(Work instruction) Count the lines below that contain the word "fluid", and state only that number.

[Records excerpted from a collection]

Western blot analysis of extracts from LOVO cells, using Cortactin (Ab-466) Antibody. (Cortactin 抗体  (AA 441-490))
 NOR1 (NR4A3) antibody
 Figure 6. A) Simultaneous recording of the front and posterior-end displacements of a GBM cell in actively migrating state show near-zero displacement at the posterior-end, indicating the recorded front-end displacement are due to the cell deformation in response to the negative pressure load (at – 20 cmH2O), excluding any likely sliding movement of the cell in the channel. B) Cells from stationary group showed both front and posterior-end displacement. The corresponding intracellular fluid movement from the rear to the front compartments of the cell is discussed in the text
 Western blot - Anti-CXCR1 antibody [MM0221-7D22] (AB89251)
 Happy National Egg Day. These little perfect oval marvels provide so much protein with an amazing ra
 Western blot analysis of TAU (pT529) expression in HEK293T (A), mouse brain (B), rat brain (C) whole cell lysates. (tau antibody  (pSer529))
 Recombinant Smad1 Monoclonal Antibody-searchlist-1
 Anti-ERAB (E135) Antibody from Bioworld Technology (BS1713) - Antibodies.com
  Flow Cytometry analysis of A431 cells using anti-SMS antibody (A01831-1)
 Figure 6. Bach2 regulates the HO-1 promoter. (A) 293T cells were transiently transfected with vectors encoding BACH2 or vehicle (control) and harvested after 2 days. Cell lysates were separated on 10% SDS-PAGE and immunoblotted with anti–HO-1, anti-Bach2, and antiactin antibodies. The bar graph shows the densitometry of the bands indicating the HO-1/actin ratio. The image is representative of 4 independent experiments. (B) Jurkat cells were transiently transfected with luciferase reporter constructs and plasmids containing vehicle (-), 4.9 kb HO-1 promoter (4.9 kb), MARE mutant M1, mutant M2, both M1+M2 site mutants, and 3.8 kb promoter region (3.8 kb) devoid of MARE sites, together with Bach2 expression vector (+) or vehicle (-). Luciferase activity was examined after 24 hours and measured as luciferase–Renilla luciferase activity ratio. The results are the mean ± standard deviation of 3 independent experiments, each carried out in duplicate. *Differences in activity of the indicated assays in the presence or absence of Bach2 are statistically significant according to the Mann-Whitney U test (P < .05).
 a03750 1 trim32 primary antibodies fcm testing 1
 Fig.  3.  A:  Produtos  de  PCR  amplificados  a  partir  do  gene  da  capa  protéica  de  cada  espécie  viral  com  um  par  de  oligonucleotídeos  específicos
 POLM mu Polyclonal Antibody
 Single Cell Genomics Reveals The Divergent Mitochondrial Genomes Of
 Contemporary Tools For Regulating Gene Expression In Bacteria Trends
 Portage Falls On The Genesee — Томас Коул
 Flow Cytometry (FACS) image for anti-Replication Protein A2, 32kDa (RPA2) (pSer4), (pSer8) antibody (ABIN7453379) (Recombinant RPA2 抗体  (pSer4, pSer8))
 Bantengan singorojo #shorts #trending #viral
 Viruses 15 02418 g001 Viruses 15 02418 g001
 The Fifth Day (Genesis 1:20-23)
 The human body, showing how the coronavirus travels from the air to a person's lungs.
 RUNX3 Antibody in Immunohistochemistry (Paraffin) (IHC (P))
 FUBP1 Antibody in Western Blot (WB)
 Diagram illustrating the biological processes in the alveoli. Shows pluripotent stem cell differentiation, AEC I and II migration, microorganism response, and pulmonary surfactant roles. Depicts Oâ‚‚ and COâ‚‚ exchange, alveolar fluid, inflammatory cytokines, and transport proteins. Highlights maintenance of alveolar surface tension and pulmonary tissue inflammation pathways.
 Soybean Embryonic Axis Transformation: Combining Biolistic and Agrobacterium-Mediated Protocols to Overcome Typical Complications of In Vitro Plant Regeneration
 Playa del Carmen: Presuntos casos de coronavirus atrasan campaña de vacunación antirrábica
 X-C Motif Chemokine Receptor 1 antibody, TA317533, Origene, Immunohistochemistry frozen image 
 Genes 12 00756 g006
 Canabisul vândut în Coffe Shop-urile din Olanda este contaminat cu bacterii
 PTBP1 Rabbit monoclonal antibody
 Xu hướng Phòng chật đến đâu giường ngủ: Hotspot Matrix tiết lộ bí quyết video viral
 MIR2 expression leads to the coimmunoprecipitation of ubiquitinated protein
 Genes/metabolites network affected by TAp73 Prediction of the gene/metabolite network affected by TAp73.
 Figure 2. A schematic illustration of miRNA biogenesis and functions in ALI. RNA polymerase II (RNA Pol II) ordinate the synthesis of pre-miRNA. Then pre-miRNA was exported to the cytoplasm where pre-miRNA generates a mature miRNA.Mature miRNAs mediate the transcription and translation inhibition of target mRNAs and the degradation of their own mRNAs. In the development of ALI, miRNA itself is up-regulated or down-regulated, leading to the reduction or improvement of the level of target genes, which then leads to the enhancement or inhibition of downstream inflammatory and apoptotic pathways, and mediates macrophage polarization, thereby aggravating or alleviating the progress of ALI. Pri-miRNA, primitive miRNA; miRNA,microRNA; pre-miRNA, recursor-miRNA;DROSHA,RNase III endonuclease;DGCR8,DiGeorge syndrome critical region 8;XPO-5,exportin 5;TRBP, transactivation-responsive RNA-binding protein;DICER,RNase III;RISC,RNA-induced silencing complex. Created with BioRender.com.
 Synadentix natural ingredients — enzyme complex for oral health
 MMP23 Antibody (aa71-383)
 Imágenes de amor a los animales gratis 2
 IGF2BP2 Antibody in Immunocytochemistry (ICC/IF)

(Exercise response) 2